Canadian journalists continue to be challenged by the institutions they report on and are not immune to attempts from government officials to deny them access to events of public interest, according to a new report by a press advocacy group.
Reporters Without Borders on Thursday released its 2019 World Press Freedom Index, which showed a deterioration of media freedom around the world as the number of countries where journalists can work safely declines. Although Canada ranks 18th out of 180 countries for the second year in a row, the group has concerns about the state of press freedom here.
“Despite its high ranking in this year’s World Press Freedom Index, Canadian journalists are not immune to attempts from government officials to deny them access to events of public interest, and the relationship shared between authorities and journalists is particularly tense,” the report said.
Reporters Without Borders cited three press freedom cases in Canada, including an effort by the RCMP to block journalists from covering a protest against the construction of a natural gas pipeline on First Nations territory in January. The Mounties assembled a roadblock near camps set up by members of the Wet’suwet’en Nation in northern British Columbia and told APTN News reporters that if they tried to cross it, they could be arrested and charged with obstruction.
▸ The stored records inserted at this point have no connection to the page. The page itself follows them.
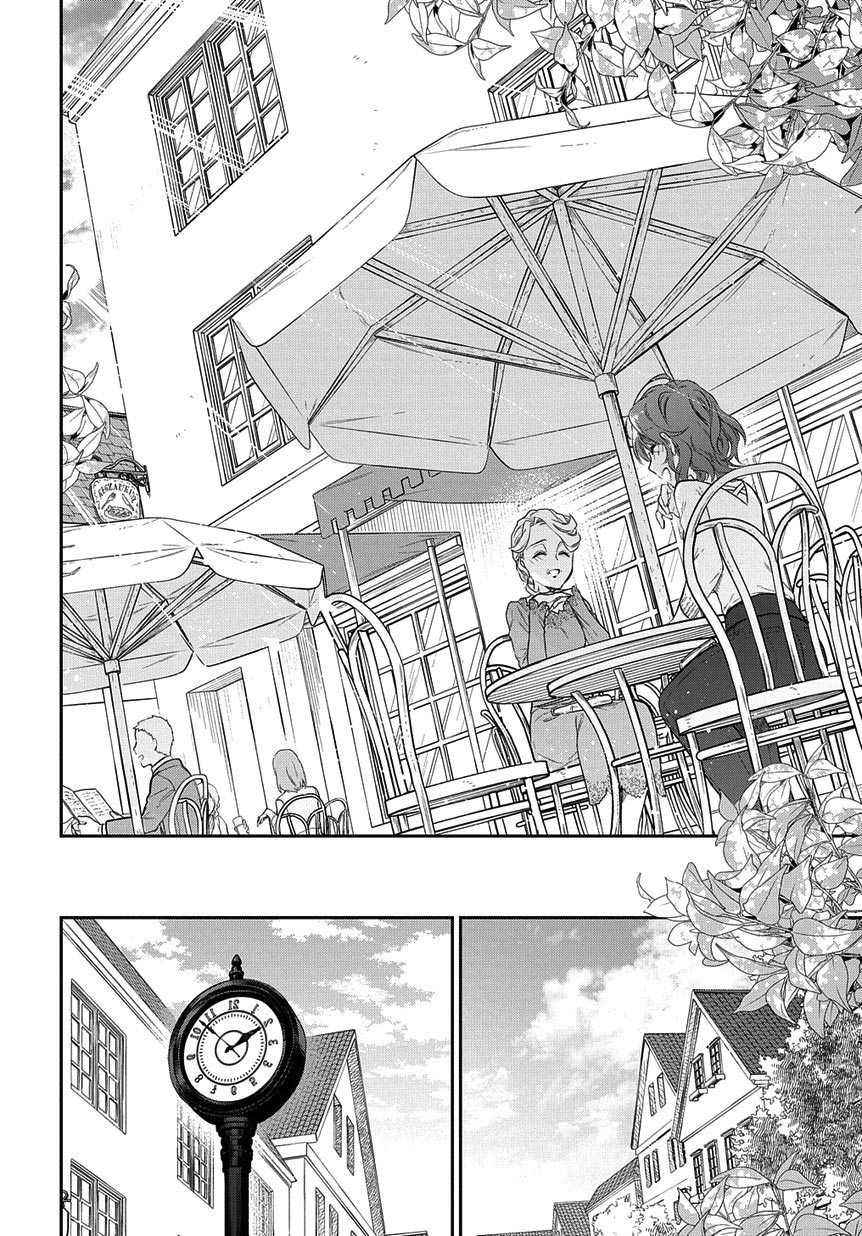 Magic Artisan Dahliya Won't Hang Her Head ~Dahliya Wilts No More~ Chapter 4.1 page 26 - Chapter 4.1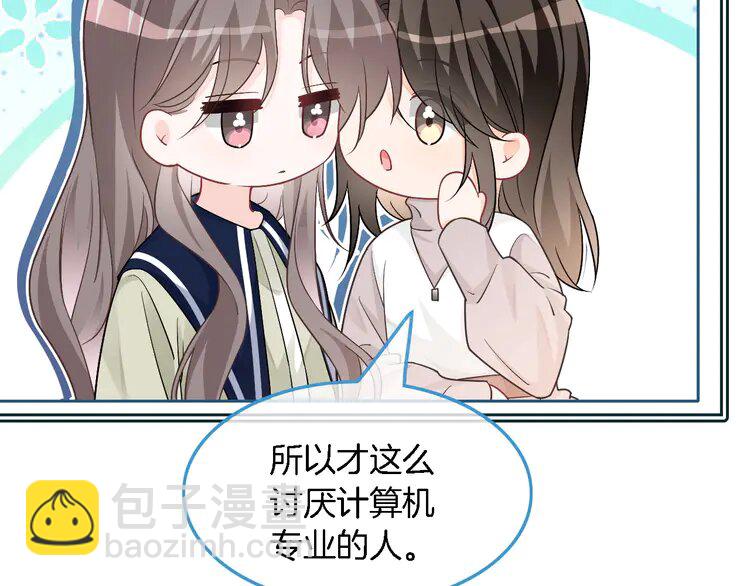 178 第178话 裴爷神操作59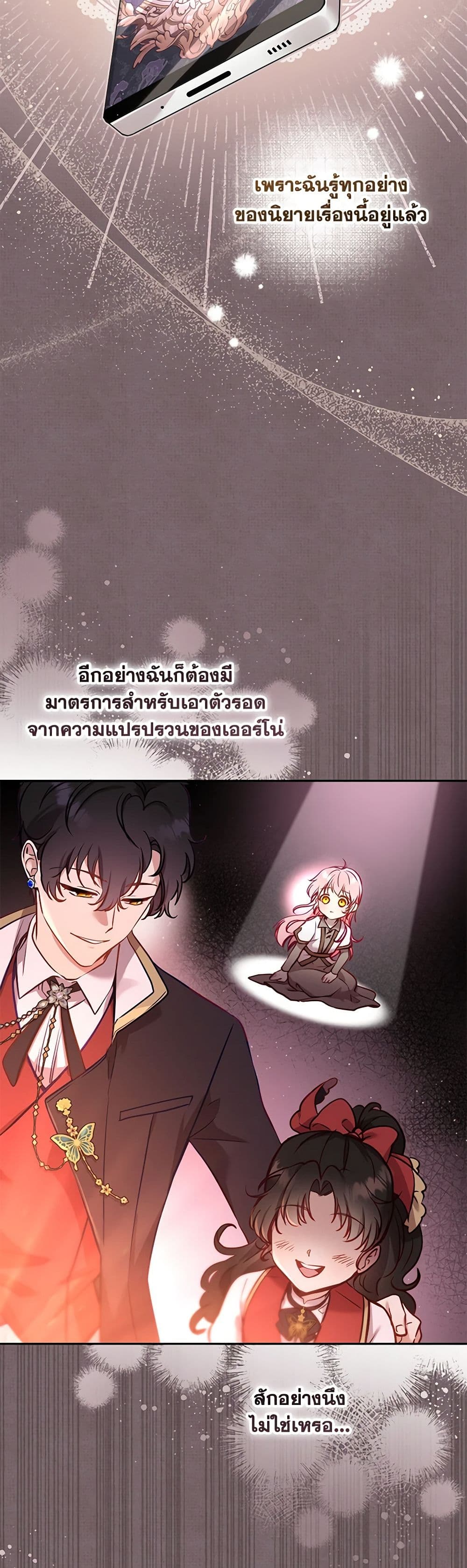 อ่านการ์ตูน I’m Being Raised by Villains 7 ภาพที่ 27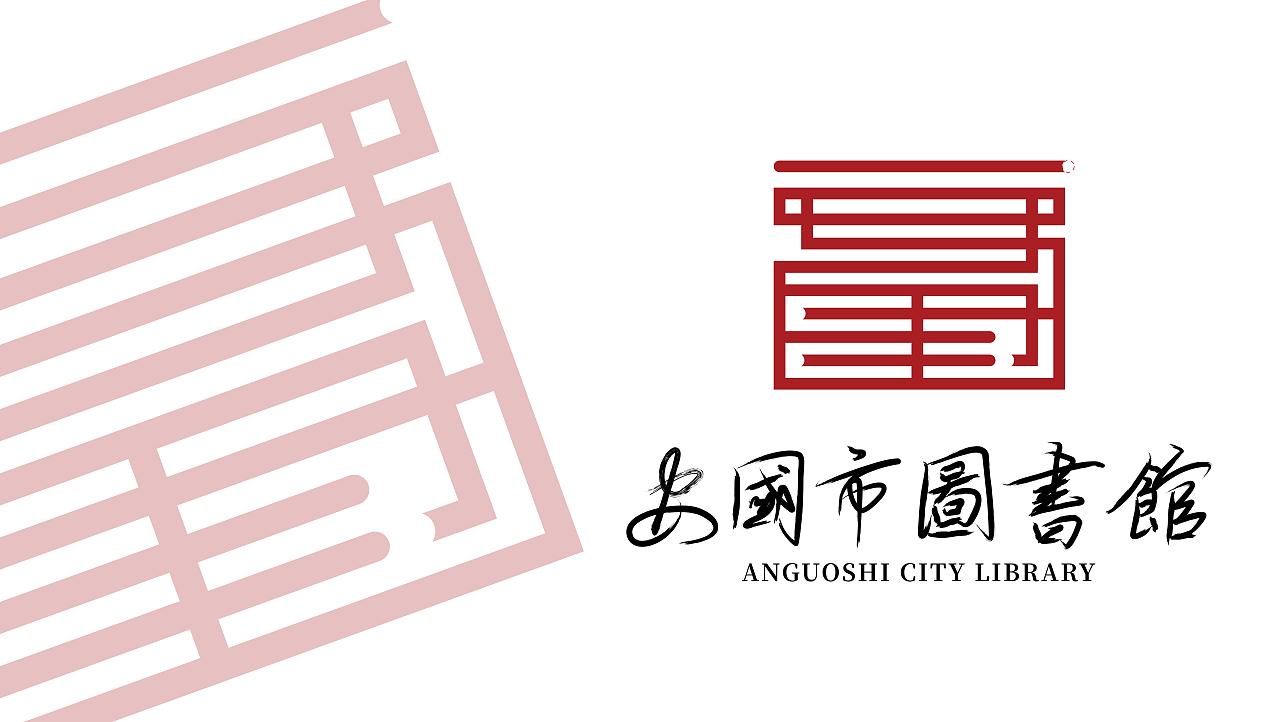 安国市图书馆、文化馆标识设计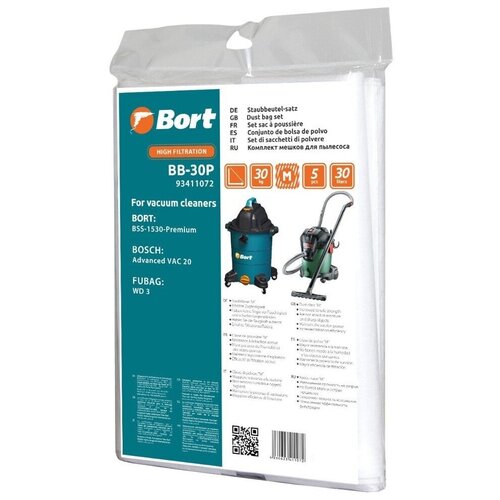 Bort Мешки пылесборные Bort BB-30P, белый, 5 шт. bort мешки пылесборные bort bb 30nu белый 5 шт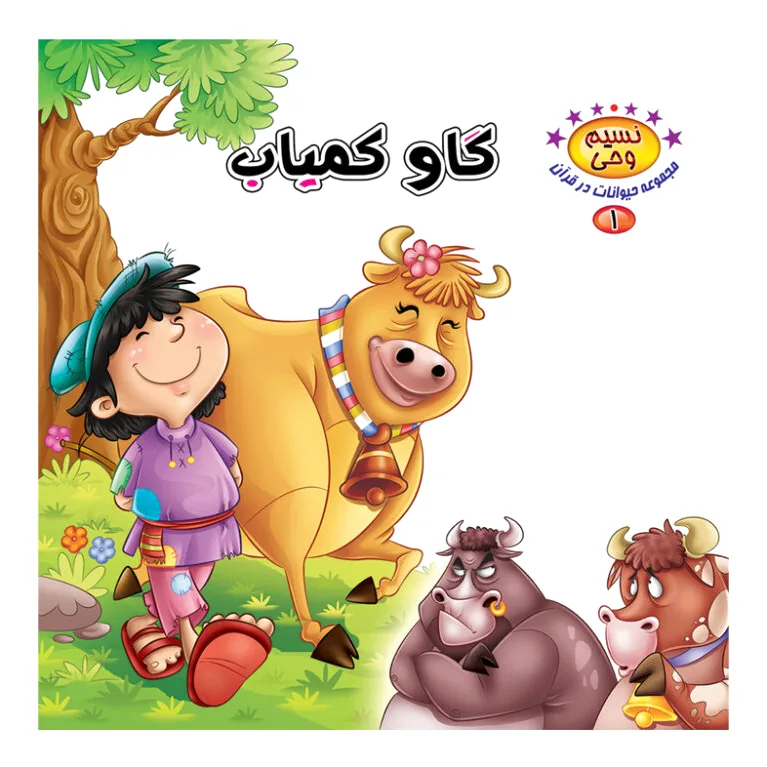 گاو کمیاب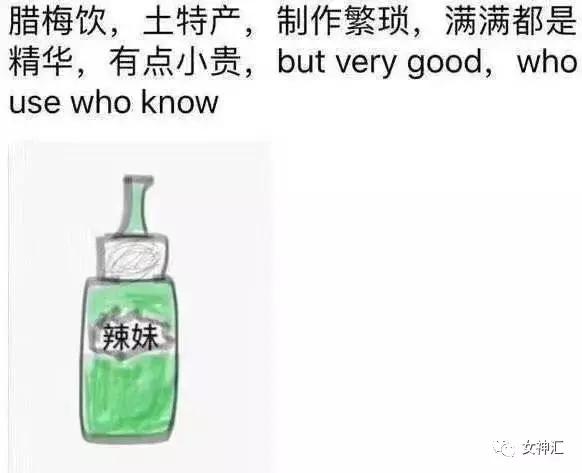 代购朋友圈截图,代购的朋友圈经典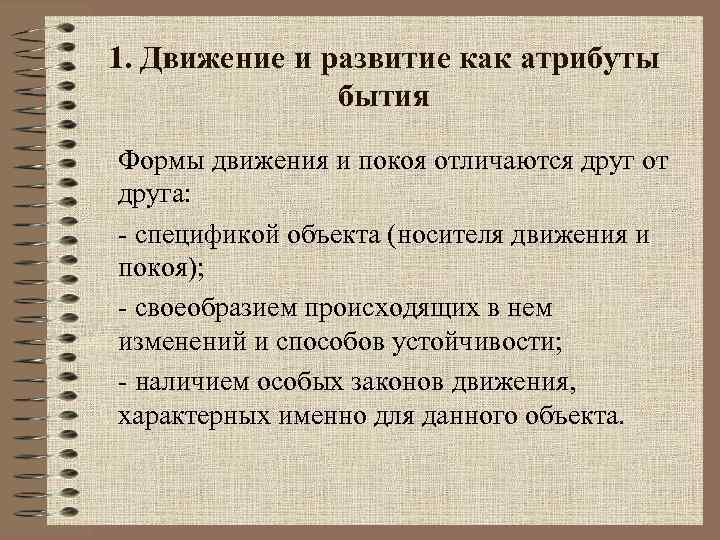 Формы движения. Движение и развитие в философии. Атрибуты бытия. Движение и его основные формы. Категории движение и развитие.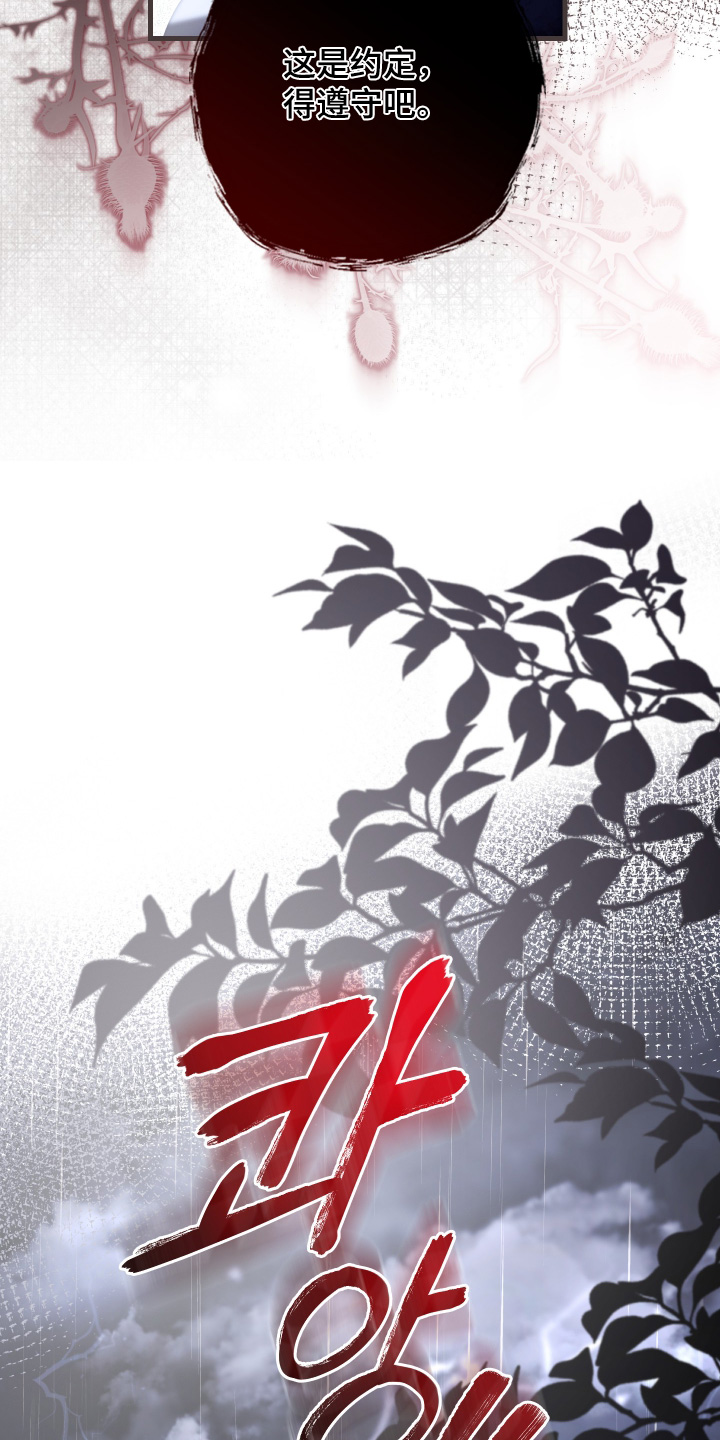 第86话13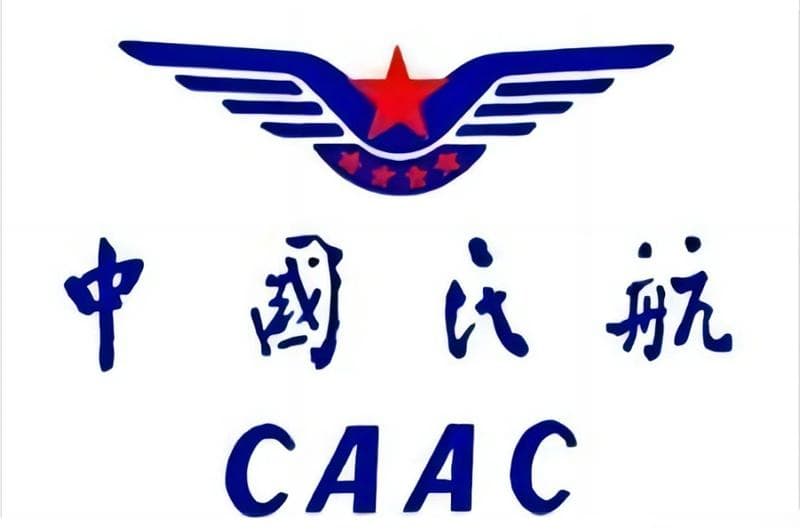 《民用无人驾驶航空器运行安全管理规则》——操作员管理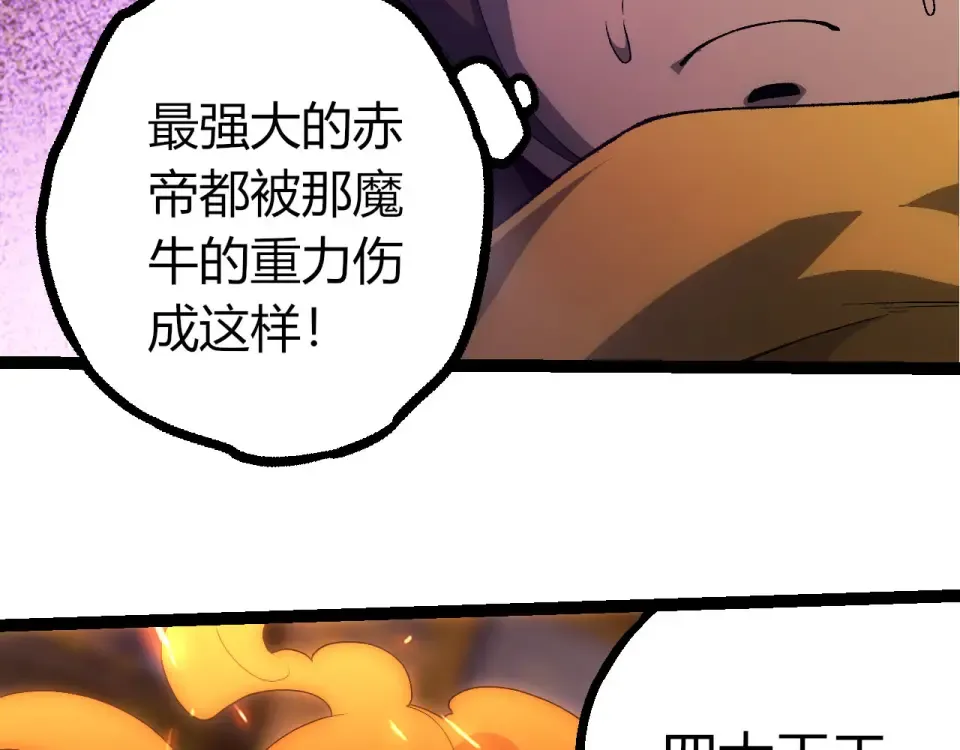 第477话 周天大阵 第99页
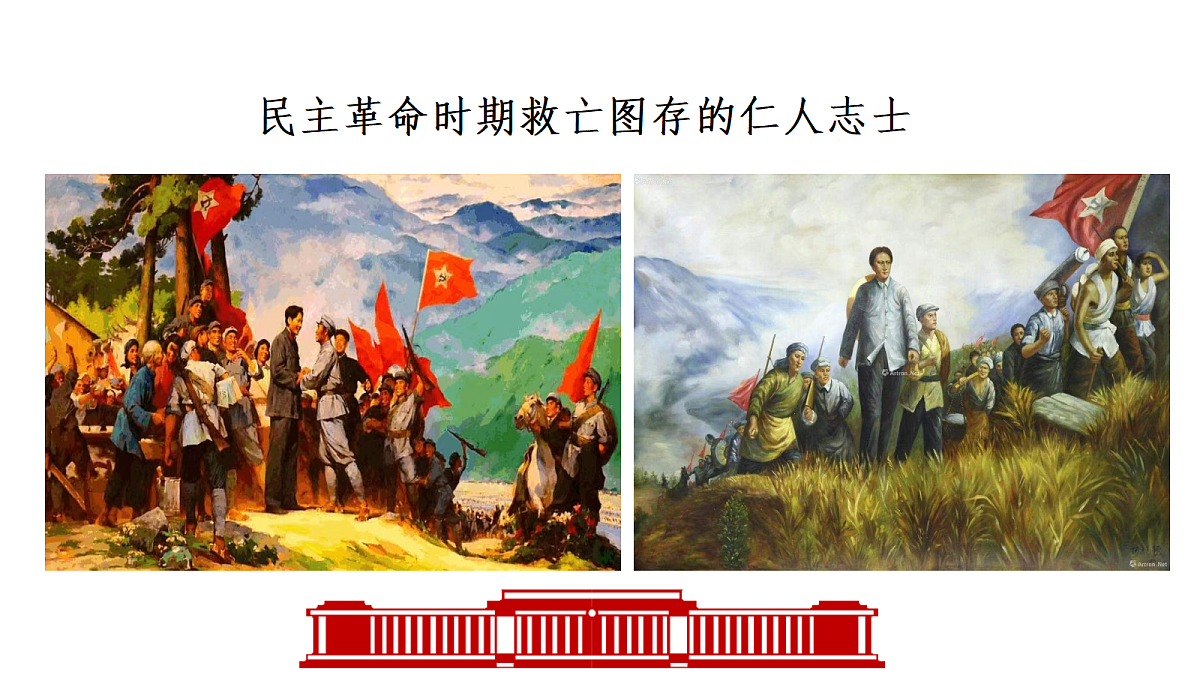 18256273第6页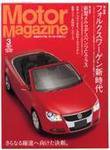 Motor Magazine（モーターマガジン） 2007/03 (発売日2007年02月01日) 表紙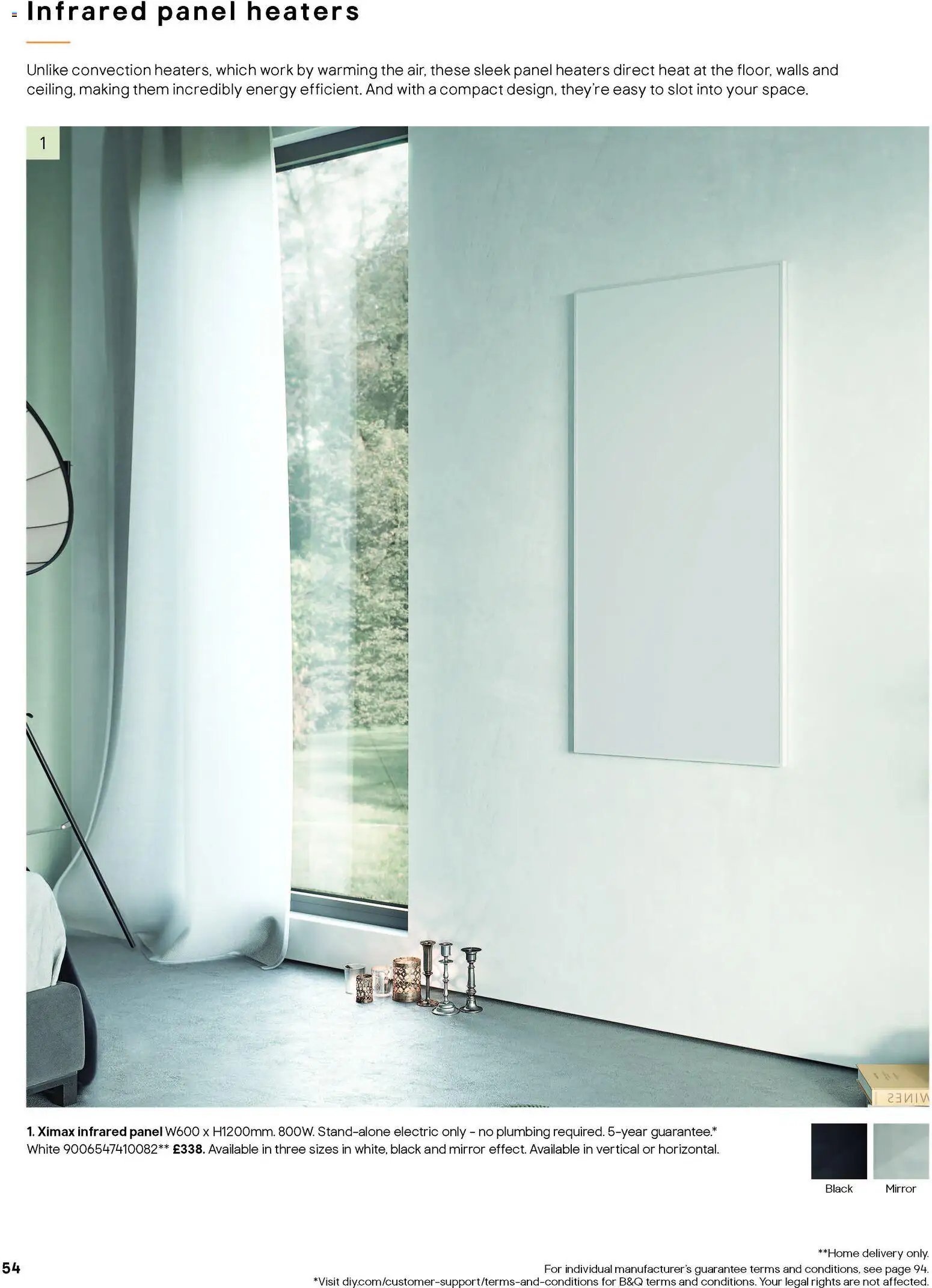 {H1} | Page: 58 | Products: Mirror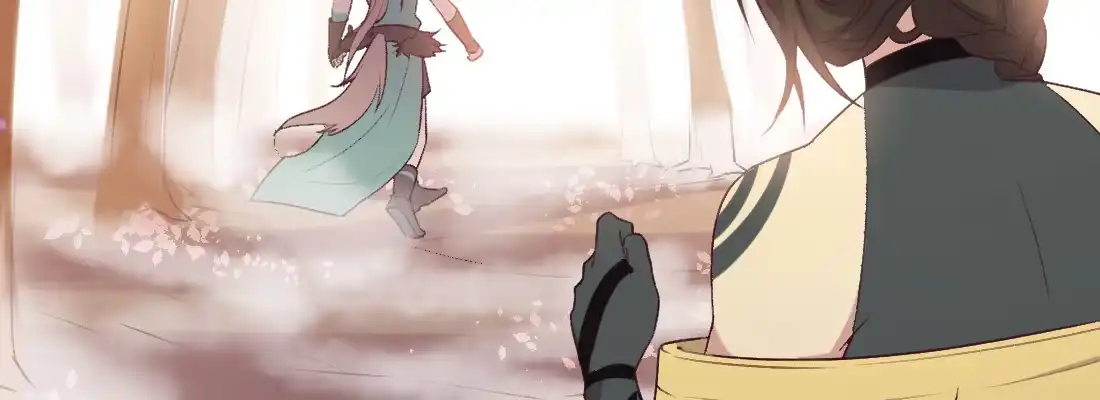 《月下有红绳》小憩 第119页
Reporters also alleged that communications signals were jammed in the area, preventing them from reporting on the situation – which the RCMP denied.
The report pointed to the Supreme Court’s ruling against VICE reporter Ben Makuch last November that compelled him to give the RCMP all of his communications with an alleged Canadian terrorist who fought for the Islamic State.
It also highlighted the case of Radio-Canada reporter Marie-Maude Denis, who will be the first journalist to challenge the Journalistic Sources Protection Act in the Supreme Court. The act shields the confidentiality of reporters’ sources, but allows exceptions. Radio-Canada appealed a Quebec Superior Court decision in March, 2018, that would have forced Ms. Denis to reveal her sources in her coverage of Quebec’s corruption scandal.
The Quebec Court of Appeal sent the case straight to the Supreme Court.
Globally, the Americas had the greatest deterioration in journalistic freedom during the past year, the report said. It showed that Nicaragua fell 24 places from the previous year’s list due to attacks on journalists covering protests against President Daniel Ortega. Some journalists fled abroad, fearing they might be jailed on terrorism charges.
El Salvador had the region’s second steepest fall – 15 places – because journalists suffered armed attacks, harassment and intimidation by politicians, according to the report.
Venezuela, Brazil, United States and Mexico also were rated poorly. The latter is one of the world’s deadliest countries for the media, with at least 10 journalists slain in 2018.
The press group found a record number of arbitrary arrests and cases of violence by the authorities in Venezuela, and many journalists left that country to avoid retribution.
The report said that never before in the United States have journalists been subjected to so many death threats or turned so often to private security companies for protection. An armed man walked into the newsroom of the Capital Gazette in Annapolis, Md., last June and killed four journalists and another employee.
The situation in the Americas reflects a global trend in which the number of countries regarded as safe for journalists continues to decline, given the hostility expressed by political leaders.
“If the political debate slides surreptitiously or openly toward a civil war-style atmosphere, in which journalists are treated as scapegoats, then democracy is in great danger,” said Reporters Without Borders secretary-general Christophe Deloire.
Costa Rica continues to be the best-ranked country in the Americas at 10th place. Cuba is at the other end, ranking 169th.
The World Press Freedom Index assesses six separate benchmarks, including media independence and transparency of public institutions, and assigns each country a score calculated from answers to a questionnaire in 20 languages that is completed by experts around the world.